Review by Calvin McMillin:

     Sometimes, bastards are just fun to watch. Such is the case with Detective Kang Chul-Joong, the rough-around-the-edges anti-hero of Public Enemy, a gritty, bloody cop movie that earned both critical praise and box office success upon its release in 2002. Prone to taking bribes and beating out confessions, Detective Kang is clearly not your average hero. With internal affairs breathing down his neck and his career in jeopardy, Kang seems utterly lost - that is, until a chance encounter with a brutal serial killer reawakens something inside of him, spurring him to take action and bring the murderer to justice.

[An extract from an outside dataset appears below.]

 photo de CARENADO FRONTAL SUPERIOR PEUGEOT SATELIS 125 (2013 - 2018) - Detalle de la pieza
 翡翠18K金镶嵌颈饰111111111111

     But the biggest challenge facing Detective Kang is the identity of the serial killer. He knows who it is; he just can't prove it. First of all, Kang doesn't have any physical evidence. Secondly, his reputation as a cop is at an all-time low. And perhaps worst of all, the murderer is actually a respected member of society: Chul Gyu-Hwan (Lee Sung-Jae), a charming businessman who is not only a wonderful family man, but is so wealthy that he would have no motive to kill anyone. Or so it seems. That perception is far from the reality, as Chul will do just about anything to insure his success or avenge his wounded pride, even if it means murdering his own parents! What follows is a dangerous game of cat-and-mouse in which the fallen lawman does everything in his power to bring the remorseless killer to justice. But does Kang have what it takes to get the job done?

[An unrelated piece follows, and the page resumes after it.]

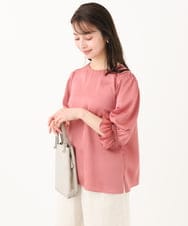 F1BGA43150 MK MICHEL KLEIN(小さいサイズ)(メゾン ドゥ サンク) 【小さいサイズ】ボリュームスリーブサテンブラウス/洗える ピンク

     Public Enemy does a fine job in building a sense of anticipation for the face-to-face confrontation between these two characters. The film begins by introducing them separately, following each one's story so the audience can see their individual situations, their problems, and their motives. Once these separate tracks have been laid in the first quarter of the film, the two characters finally cross paths, intensifying the narrative's momentum exponentially. While I'm still not sure of the legal ramifications of the final showdown, it nevertheless makes for cathartic, if brutal entertainment.

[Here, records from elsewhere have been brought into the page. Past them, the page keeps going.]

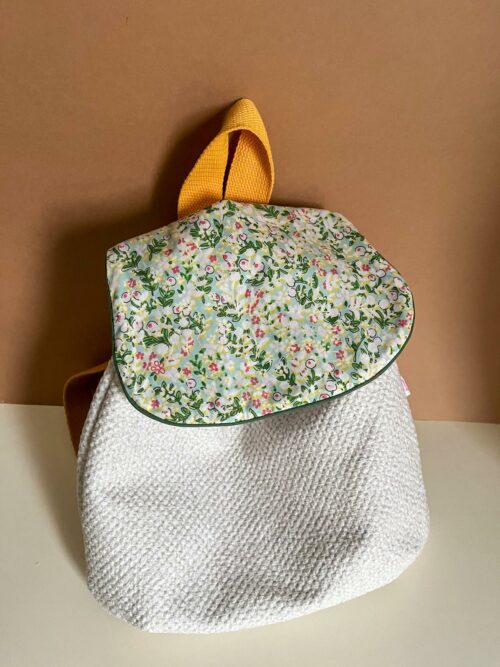 Marelle - Sac à dos maternelle élastiqué fleuris
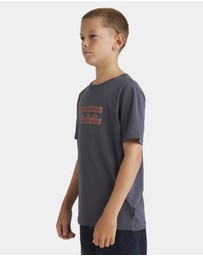 Quiksilver - Boys 8 to 16 Comp Check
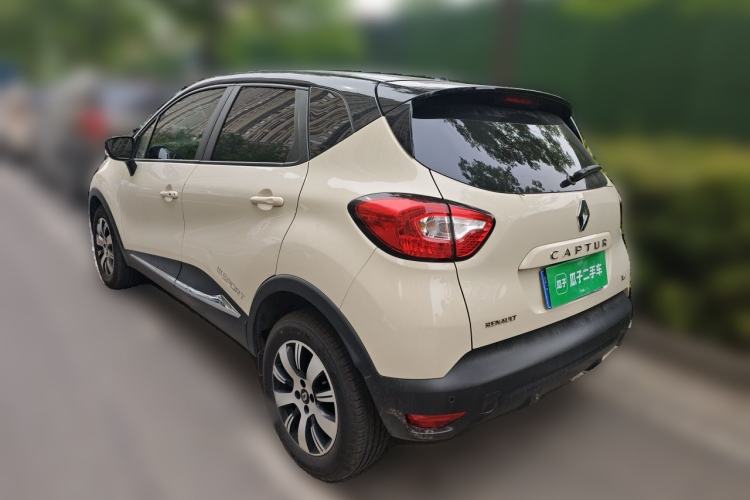 Used Renault Captur 2015 1.2T Automatic Comfort Edition Rear Left 45 Deg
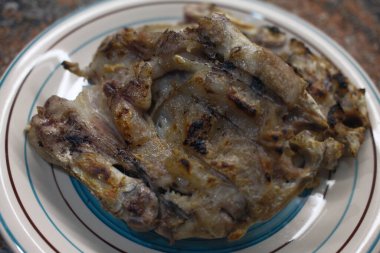 Lezzetli bir gurme olarak pişirilmiş domuz eti.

     In Public Enemy, there is no black-and-white depiction of good guys and bad guys; almost everyone is painted in shades of gray. While Detective Kang represents the side of "good," he has enough character flaws to show that he is far from the conventional hero. In his role as the hard-bitten detective, Sul Kyung-Ku is electric onscreen. You never know what his character is going to do, and that unpredictability makes him a joy to watch. While Kang is still pig-headed and somewhat simpleminded throughout the film, his good qualities slowly emerge to contradict the corrupt figure he's become. Even when he's violating police procedure, there is a kind of integrity in his actions. While Kang does not seem to perceive it on a conscious level, this case is his one last shot at redemption, but as the film wears on, the audience grows unsure of whether he'll live to see it.
     As the second lead, Lee Sung-Jae portrays a believable sociopath, a man who wears a smile to mask his true evil. Lee believably portrays the two personalities, showing Chul as a man able to operate in the world as a seemingly loving husband, good son, and all-around nice guy. But when someone offends his delicate sensibilities, homicide is Chul's natural response. Lee makes this transformation believable, and convincingly portrays a character who is intelligent and immensely proficient at what he does, making him an excellent foil to Detective Kang, who is his polar opposite in appearance and demeanor.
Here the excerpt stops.